### Exercise goal
Return the whole listing, line for line, without the pictures in it.

[[ Given information, beginning ]]

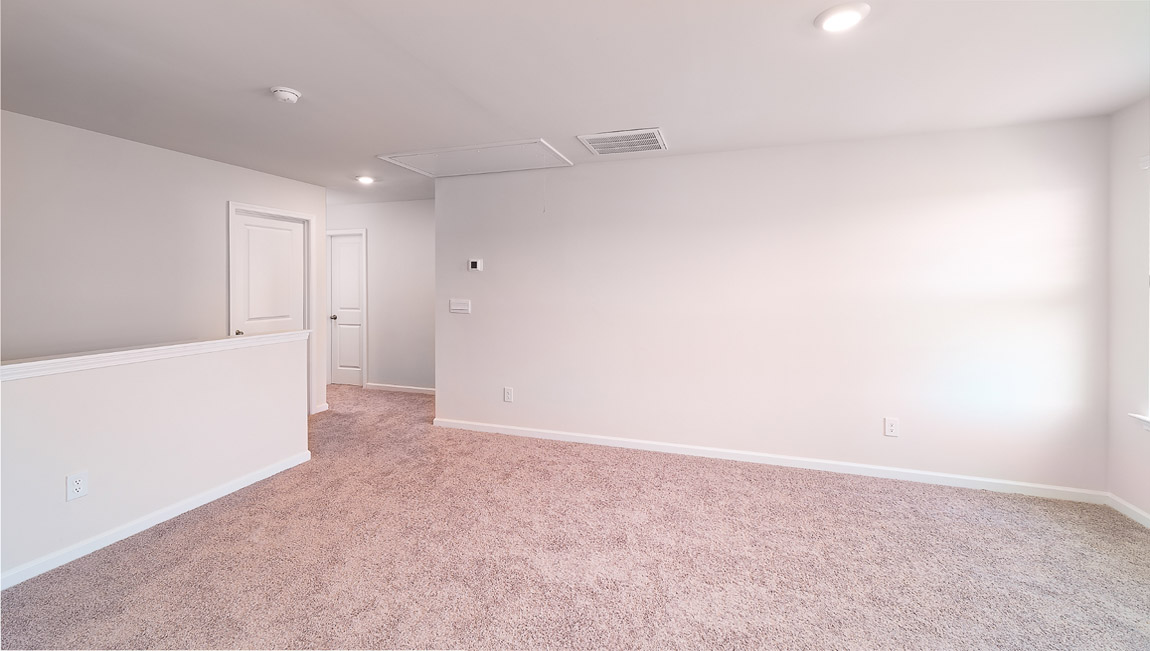 Upstairs carpeted loft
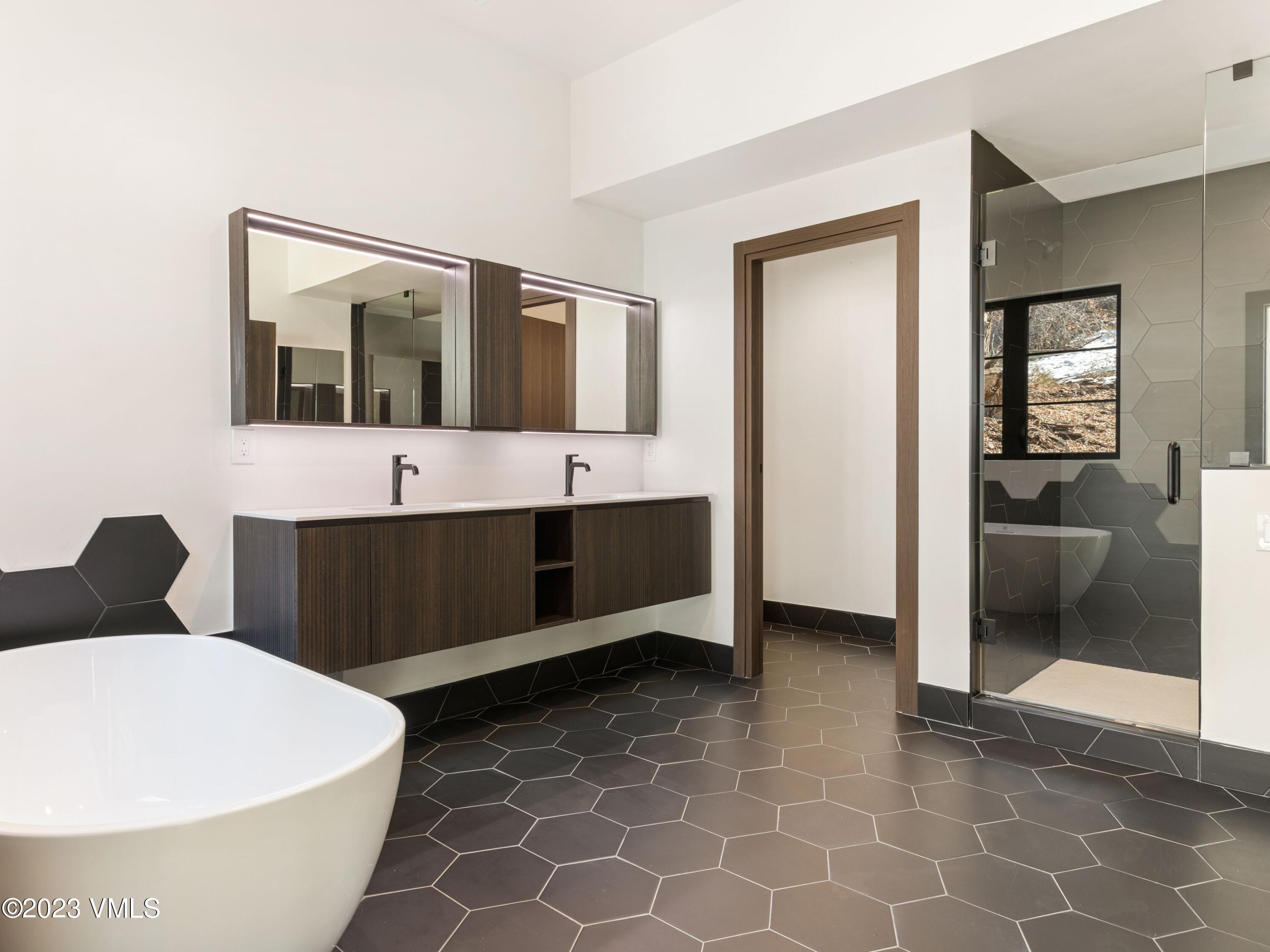 2494 Eagle Ranch Road Eagle, CO 81631 - Photo 22 of 49 a bathroom with a bathtub and a sink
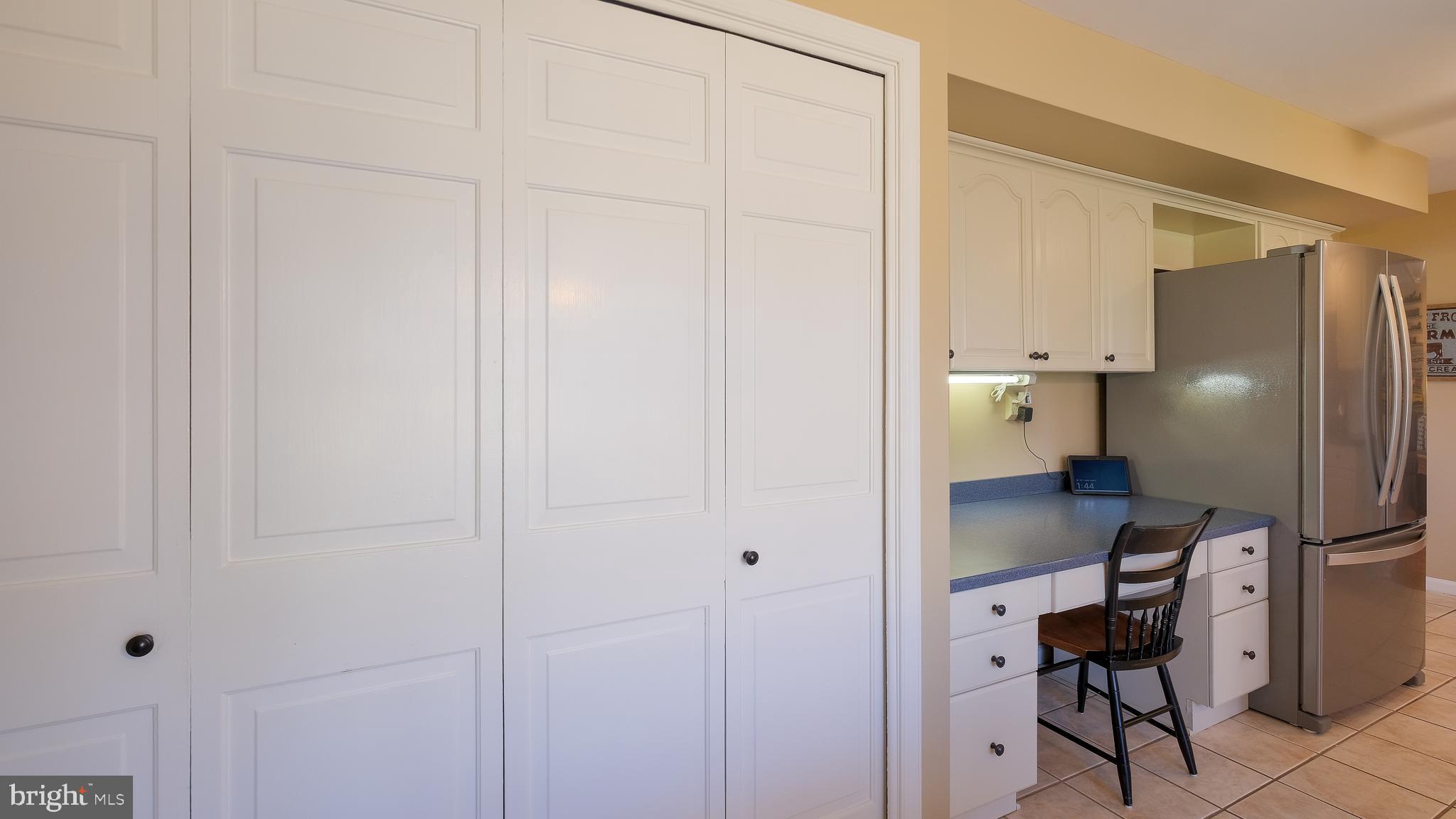 12 Pine Valley Road Doylestown, PA 18901 - Photo 16 of 63 a kitchen with a refrigerator and cabinets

[[ Given information, end ]]

### Result of the task
 Upstairs carpeted loft
 2494 Eagle Ranch Road Eagle, CO 81631 - Photo 22 of 49 a bathroom with a bathtub and a sink
 12 Pine Valley Road Doylestown, PA 18901 - Photo 16 of 63 a kitchen with a refrigerator and cabinets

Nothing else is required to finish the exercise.